On May 3, 2019 I was very pleased to give a keynote talk at the Go Open Data 2019 Conference in Toronto (video recordings of the conference proceedings are now available from the site). The following post includes the gist of my talk, along with hyperlinks to the different sources and examples I referenced. My talk was built around the theme of the conference: Inclusive, Equitable, Ethical, and Impactful.
In my talk this morning I am going to use the conference’s themes of Inclusive, Equitable, Ethical and Impactful to shape my remarks. In particular, I will apply these concepts to data in the smart cities context as this has been garnering so much attention lately. But it is also important to think about these in the artificial intelligence (AI) context which is increasingly becoming part of our everyday interactions with public and private sector actors, and is a part of smart cities as well.
As this is an open data conference, it might be fair to ask what smart cities and AI have to do with open data. In my view, these contexts extend the open data discussion because both depend upon vast quantities of data as inputs. They also complicate it. This is for three broad reasons:
First, the rise of smart cities means that there are expanding categories and quantities of municipal data (and provincial) that could be available as open data. There are also growing quantities of private sector data gathered in urban contexts in a variety of different ways over which arguments for sharing could be made. Thus, there is more and more data and issues of ownership, control and access become complex and often conflictual. Open government data used to be about the operations and activities of government, and there were strong arguments for making it broadly open and accessible. But government data is changing in kind, quality and quantity, particularly in smart cities contexts. Open data may therefore be shifting towards a more nuanced approach to data sharing.
Second, smart cities and AI are just two manifestations of the expanding demand for access to data for multiple new uses. There is not just MORE data, there are more applications for that data and more demand from public, private sector and civil society actors for access to it. Yet the opacity of data-hungry analytics and AI contribute to a deepening unease about data sharing.
Third, there is a growing recognition that perhaps data sharing should not be entirely free and open. Open data, under an open licence, with few if any restrictions and with no registration requirement was a kind of ideal, and it fit with the narrower concept of government data described earlier. But it is one that may not be best suited to our current environment. Not only are there potential use restrictions that we might want to apply to protect privacy or to limit undesirable impacts on individuals or communities, but there might also be arguments for cost recovery as data governance becomes more complex and more expensive. This may particularly be the case if use is predominantly by private sector actors – particularly large foreign companies. The lack of a registration requirement limits our ability to fully understand who is using our data, and it reduces the possibility of holding users to account for misuse. Again this may be something we want to address.
I mentioned that I would use the themes of this conference as a frame for my comments. Let me start with the first – the idea of inclusiveness.
Inclusive
We hear a lot about inclusiveness in smart cities – and at the same time we hear about privacy.
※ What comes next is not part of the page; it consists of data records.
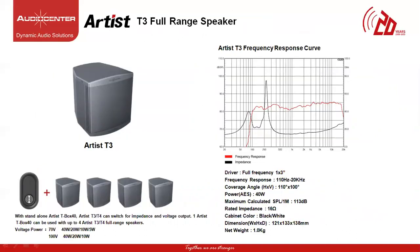Let's look at the speaker range from the Artist Series. The Artist T3 model is the smallest speaker in the Artist Series family. This is a wall mount speaker with a 3-inch full range driver with an operating frequency response of 110 Hz up to 20 kHz and a coverage angle of 110 degrees horizontal and 100 degrees vertical. The power of this cabinet is 40W and max SPL of 113 dB. The rated impedance is 16 ohms per cabinet and the weight is 1 kg. The T3 model comes with an additional T-Box 40, which is a transformer voltage box allowing the speaker to be connected with a 100V or 70V line amplifier. Each T-Box can work with 4 units of T3 speakers connected in parallel mode.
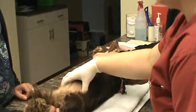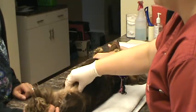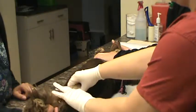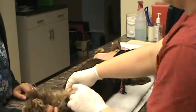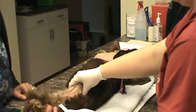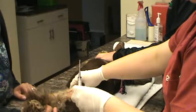All right, so I'm just going to pop it in the bladder. Okay, so I'm applying some alcohol to the site. I'm going to insert the needle in without drawing back while I'm inserting.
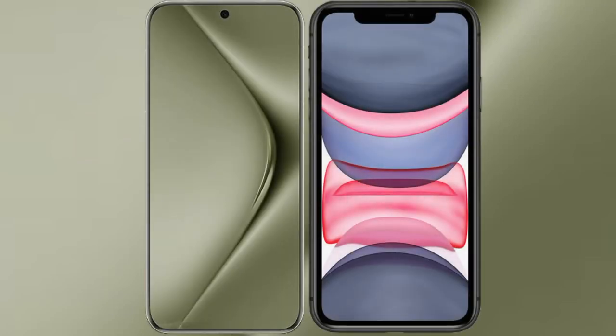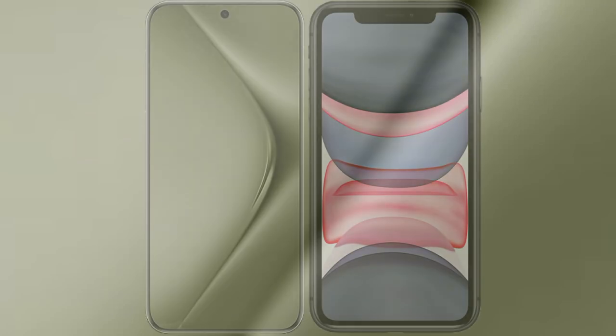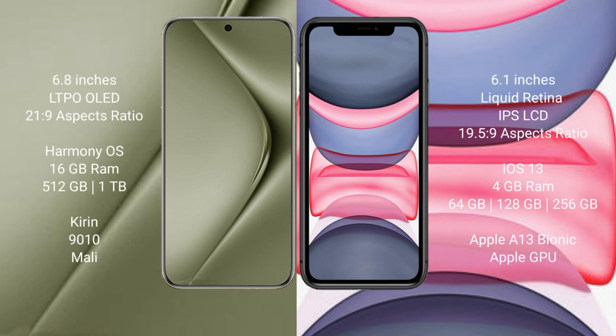I will compare the new Huawei P70 Ultra with the iPhone 11. The Huawei P70 Ultra comes with a 6.8-inch LTPO OLED display and an aspect ratio of 21:9. The iPhone 11 comes with a 6.1-inch Liquid Retina IPS LCD display and an aspect ratio of 19.5:9.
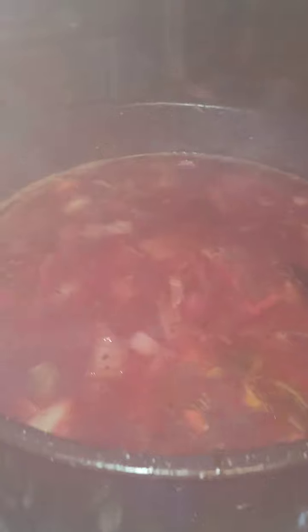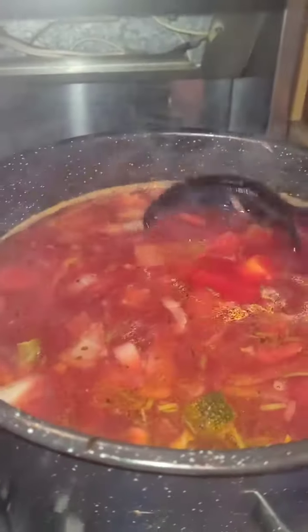Hey guys, look at what Hugo and I kind of made up together. Oof, that was steaming. Guess we got to get it — it's fogging up my lens and the fan is hot, but look at that.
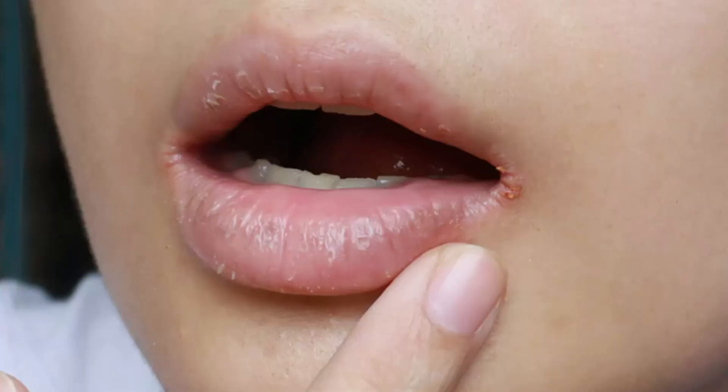Third: targeted protection, not all-over shine. The stick format is actually genius because it keeps things precise. You can use it as a wind and cold barrier on cheeks and lips, especially in dry weather. Runners use it to prevent chafing. Some people even use a tiny amount to tame their brows or protect the corners of their mouth if they're prone to cracking. This isn't skincare fluff — it's physical protection.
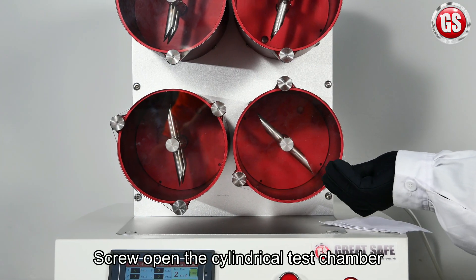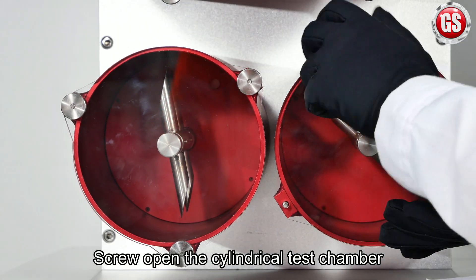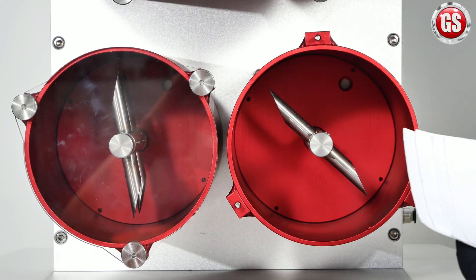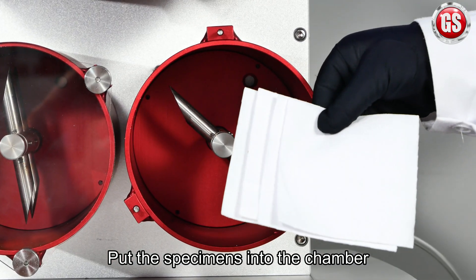First, screw open the cylindrical test chamber, then put the specimens into the chamber.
These are complicated and intertwined.
The more we move towards using technology as an interface for public and private sector services, for interaction with government, for public consultations, elections, and so on, the more we need to focus on the problem of the digital divide and what it means to include everyone in the benefits of technology. Narrowing the digital divide will require providing greater access to devices, access to WIFI/broadband services, access to computer and data literacy, and access in terms of inclusiveness of differently-abled individuals. These are all important goals, but their achievement will inevitably have the consequence of facilitating the collection of greater quantities and more detailed personal information about those formerly kept on the other side of the digital divide. The more we use devices, the more data we generate. The same can be said of the use of public WIFI. Moving from analog to digital increases our data exhaust, and we are more susceptible to tracking, monitoring, profiling, etc. Consider the controversial LinkNYC Kiosks in New York. These large sidewalk installations include WiFi Access, android tablets, charging stations, and free nation-wide calling. But they have also raised concerns about enhanced tracking and monitoring. This is in part because the kiosks are also equipped with cameras and a range of sensors.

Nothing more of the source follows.